[Mulgara-general] Jena-Mulgara connector

Fri Jan 11 04:12:15 UTC 2008

On 04/01/2008, at 1:39 AM, Seaborne, Andy wrote:
> It's also "interesting" if you create a blank node by some small  
> integer and see what node in the server graph you have really named.
> id=1 seems to rdf:type.

I wouldn't rely on that if I were you :).  There are various points  
in the database bootstrap process where common uris are preallocated  
permanent ids - purely as an optimisation (believe it or not  
localizing rdf:type floated to the top of a profile for a given class  
of query at one point).  It just happens that rdf:type is the first  
common uri we preallocate - hence it currently gets '1'.  If that  
order should change for some reason, it would result in a different  
small positive integer.

>> I always get around it by doing one of two things:
>> - Perform add/deletes as insert...select and delete...select  
>> commands.
>> - Wrap all my read/writes in a transaction.  That means I'm the only
>>  writer, so I know the ID can't change.  Unfortunately, once we get
>> multiple writers (some time in the future still) then this won't  
>> hold.
>> Also, if I'm using TQL then I have to perform insert...select and
>> delete...select operations still, as this is the only way to refer to
>> the blank nodes.

Probably worth noting here that even with multiple writers this will  
still hold.

>> Of course, if I'm doing insert...select and delete...select then I  
>> need
>> some guaranteed way of identifying the correct node.  IMO this is
>> almost always doable if you have knowledge of the schema you are  
>> using,
>> but there is no general mechanism.  The only case where you can't  
>> get a
>> particular blank node is if it's indistinguishable from another... in
>> which case it doesn't matter when one you get.  :-)
>
> It's the lack of general mechanism that's the issue here.  In  
> trying to write a general connector, as with writing any library  
> code, the hope is that the application assumptions don't have to  
> run all the way from top to bottom.

If the problem reusing a blanknode from a query for an insert, as  
long as you perform the query within the same write-phase you will be  
fine.  Mulgara's understanding of insert/delete is as functions from  
graphs to graphs, ie:  insert :: Triple -> Graph -> Graph.

In other words our current semantic is that the result of an update  
operation on a graph is a new graph, and as such blank-nodes from the  
pre-update graph are not necessarily the same as the blank-nodes on  
the post-update graph.

So a mulgara instance consists of a sequence of 4-uniform hypergraphs  
defined as the graphs produced by a sequence of unification and  
restriction operations starting with an empty graph, and we call the  
resulting ordinal number of a given graph a phase.

This idea of graph immutability (operations don't change the graph,  
but produce a new one) has formed the basis of our thinking regarding  
blank-nodes and their interaction with transactions and queries.  As  
a result your blank nodes remain valid for the duration of a  
transaction, for the moment that means holding the write-lock,  
however over the next few weeks we will be introducing the ability to  
obtain read-only transactions which will help alleviate some of your  
blank-node problems.

> My canonical use case is an RDF (or OWL) editor.  These tend to  
> regard the graph as a syntactic entity, especially when it is  
> between consistent states.  And those RDF collections are always  
> there to keep us on our toes.
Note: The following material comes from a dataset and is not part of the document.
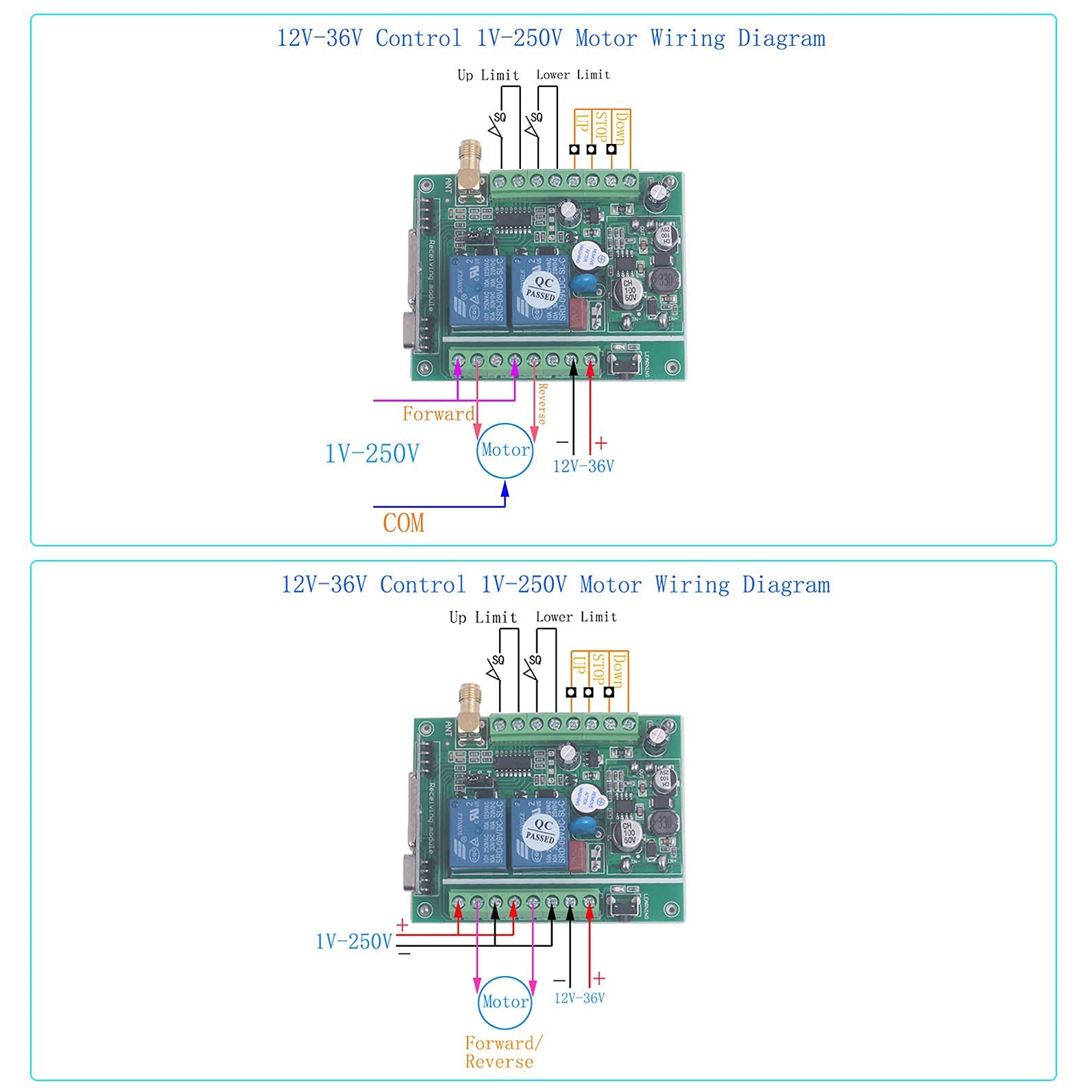 12V 24V 36V 2CH Universal Garage Door Remote Switch 433Mhz 2X Control 433MHz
Viewing the graph syntactically is  
> just the same as thinking of being inside the graph, not querying  
> from the outside.
>
> This use case isn't the primary reason for wanting the connector  
> so, by above all, documentation for correct use is needed.
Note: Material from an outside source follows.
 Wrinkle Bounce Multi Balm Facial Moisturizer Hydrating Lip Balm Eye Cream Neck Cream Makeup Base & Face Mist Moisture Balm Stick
For now if you want to perform update operations you have to hold the  
write-lock.  Shortly you will be able to round-trip blank-nodes while  
browsing the graph within a single read-only transaction.  For this  
to be transparent requires us to eliminate the write-lock, ie.  
providing support for multiple-writers.  This is planned but isn't  
feasible in the short-term.

>>> One issue I encountered: Session.modelExists() for
>>> RemoteSessionWrapperSession throws an exception if the model has  
>>> never
>>> existed but returns false if the model used to exist but has been
>>> dropped.
>>
>> This is a bug.  I thought I'd put the fix into the trunk, but I must
>> have missed it.
>
> I'll check the trunk - I have been using 1.1.1 distribution where  
> possible.

I should be fixed in trunk I know it's fixed in the various devel- 
branches, so it should have been merged across by now.

> Please do not tell Pat Hayes about the skolemization of the blank  
> nodes :-)

He says to a publicly archived mailing list ;)

Andrae

-- 
Andrae Muys
andrae at netymon.com
Senior RDF/SemanticWeb Consultant
Netymon Pty Ltd